Candidates Canvassing
Candidates should be expected to be out for 90% of all canvass  sessions – leading the team. Why should anybody else bother if they  wont?  The public expect to meet them as well but candidates are easily bogged down on doorsteps– if you’re the agent  or just out with them keep them moving!  Try phoning them on their mobile – rescue them.   A lot of people want to meet them  – but they need to get round.
Team canvassing

Some campaigns teams favour team canvassing.
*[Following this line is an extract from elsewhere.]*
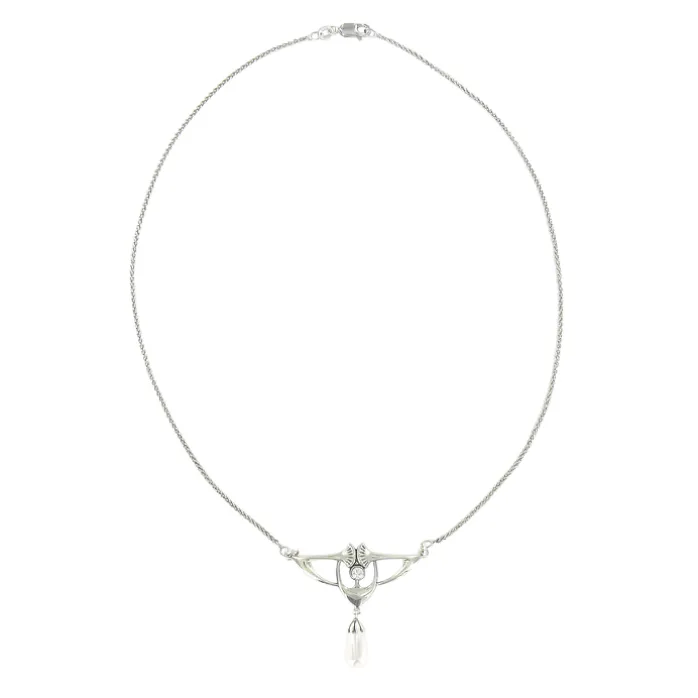 Collier Art nouveau Gingko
Usually done in groups of  four or  more   A central person holds the clipboard with the canvass cards sending canvassers door to door and then “marking up” their feedback.
1. Creates  a positive impression of the campaign – numbers and business
2. Helps morale and keeps everybody together.
3. the team doesn’t get seperated and if one canvasser gets “stuck” then this can be spotted and another person sent to rescue them
1. The “board holder”  is a wasted canvasser.
2. Difficult to provide canvasser with full canvas card information – usually just “the 2 Smiths at Number 23” and hence a more informed response.
3. Can delay start of canvassing whilst people gather  – though it should not – see belowGetting NEW helpers started
One of the best ways of starting new canvassers off is to pair them up with an experienced canvasser so that they can be with someone else for the first few doors.  Try to follow this pattern
1)  You canvass they listen – this will help them pick up the patter and realise that not everyone behind the door is a three headed ogre waiting to ask them what we intend to do about the decline of Britain’s Merchant Navy.
2) They canvass you listen – when they have picked up the idea and the patter then you can let them have a go.  Having an experienced canvasser with them can boost their confidence and there is someone there to cover if they make a mistake.
3)  They canvass on their own – but the experienced canvasser should check with them after a few houses that they are coping OK and keep a close eye on them.
One final point – do make sure that the person you put the new canvasser with knows what they are doing – bad habits picked up on the first night can stay with you for a lifetime.